Recent Government White Papers suggest that the lesson has still not been learnt. For example, it is now suggested that where directly elected Mayors are not introduced then Leaders should be elected by their fellow councillors for four-year terms. There seems to be no recognition of the reality of political life at Council level, which is simply that, if the Leader loses the confidence of the councillors, even if only of “the dominant political party” s/he will last no time at all and if s/he does not lose that confidence then
they have no need to be protected by national legislation.

Unfortunately, there appears to be little evidence that other claims for the new governance system have been justified. For example, much of the anguish about the state of local government relates to electoral turnout. But using London Boroughs as an example the evidence from 2006 is not encouraging to the reformers. In Hackney, despite going to the same polling booths on the same day more people actually voted for their
councillors than for the Mayor. The Borough-wide turnout was 34.41% and the Mayoral vote just 32.24%. In Newham the turn-out was 34.41%, but in non-Mayoral votes on the same day Bexley managed 42.35%, Greenwich 35.81% and Richmond 51%. 
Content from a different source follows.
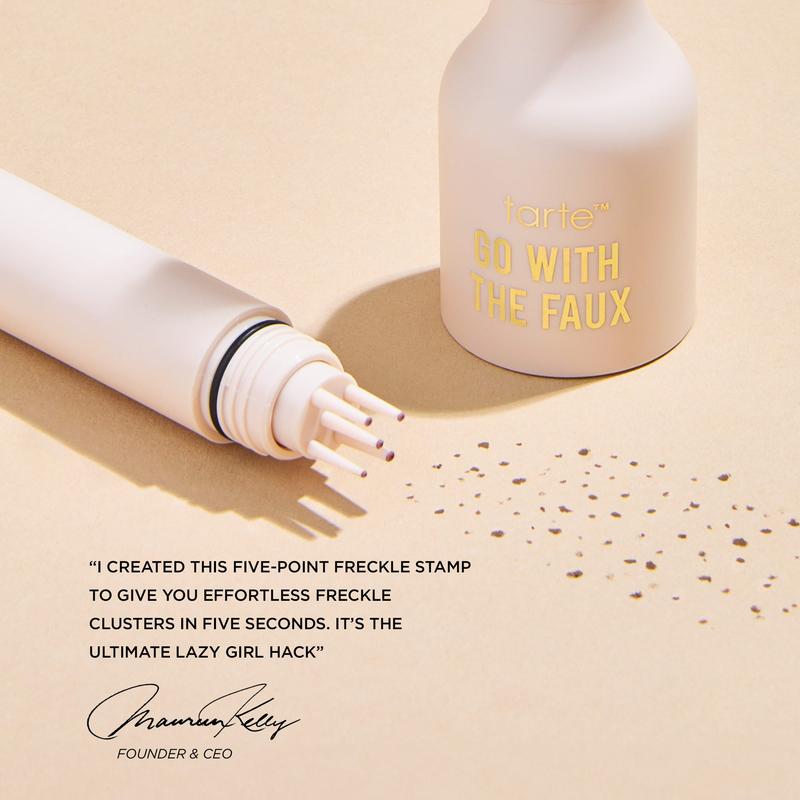 @itsmaureenkelly #trippin must haves – tubing mascara, freckles and smoldereyes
Wandsworth is an interesting example, which suggests a different explanation for differential turnouts. In Wandsworth turnout rose from 34% at its inception in 1964 to 49% in 1978 and then in the following four elections in 1982, 1986, 1990 and 1994 to 54%, 51%, 57% and 51%. However, the 1998, 2002 and 2006 elections have seen turnouts falling again to 40%, 30% and 34%. This exactly mirrors the very tight nature of the political contest in the 80s and the very much less closely fought battles since gentrification took strong hold. In other words, and unsurprisingly, people seem to have a greater tendency to vote when it looks likely to make a difference. 

A similar explanation might apply in Hackney. Although the disparity in figures is not very great, surely it is conceivable that the 2.17%, who voted for their councillor in Hackney wards but not for their Mayor, either did not know who the Mayor was or thought it a non-contest with Mayor Pipe certain to be returned to office.
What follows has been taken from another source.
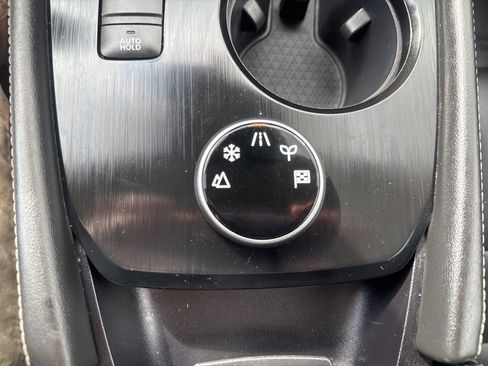 Used 2022 Nissan Rogue SL w/ SL Premium Package image 36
So in practice neither turnout nor accountability has been improved by the introduction of the “Executive” Mayor. Indeed lack of Mayoral accountability is a major platform of the “Bring back democracy” campaign in Lewisham and the move to abolish the Mayor in Doncaster. Indeed on 27th February 2007 Doncaster Council responded to an 11,000 signature petition by voting for an abolition referendum, which is due to take place on 1st May this year.
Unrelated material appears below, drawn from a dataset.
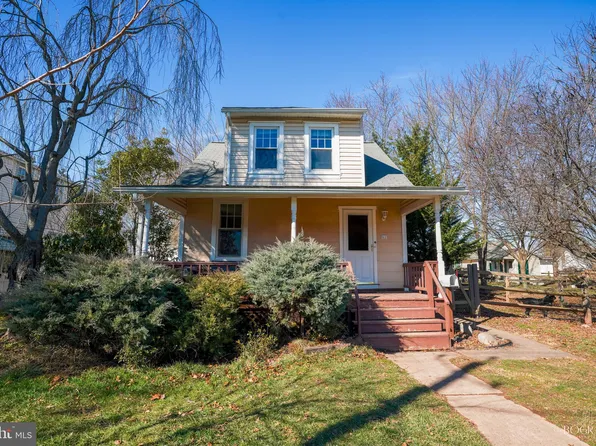 61 W Lambert St, Hatfield, PA 19440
Interestingly googling “remove mayors” brings up 705,000 results, including Doncaster and Lewisham but also many, many examples of electors trying to remove executive mayors in many of the United States and other places round the globe. The last remaining argument for the Mayoralty, used by Ken Livingstone and his supporters, is the claim that only the new Mayoral power enabled him to introduce the Congestion Charge. The philosophical basis of that argument, “the end justifies the means”, is so shallow as to be unworthy of Livingstone. But it also demeans his previous achievements. As Leader of the Greater London Council, with traditional local government powers, he was capable of introducing the equally radical and challenging Fares Fair policy, which had a similar and possibly greater impact than the Congestion

None of this is an argument to deny a vote to Ken on 1st May. If you believe, as I do, that Ken’s record has been overwhelmingly positive for London (despite his crazy dalliance with high rise developments!) then voting for him must be the correct move for a Londoner. The Conservative Party’s irresponsibility in putting forward Johnson as an alternative effectively robs the electorate of any real choice.

However, personal power on the scale of the London Mayor’s would be enough to turn the character of a saint. It is, therefore, incumbent upon politicians, of all persuasions, to resist the introduction of any more Executive Mayors, to reform the Greater London Authority’s constitution, to restrain the Mayor’s role and to give real power and influence to its members. Politics is and should be a pluralist process, and emphatically not an elective dictatorship.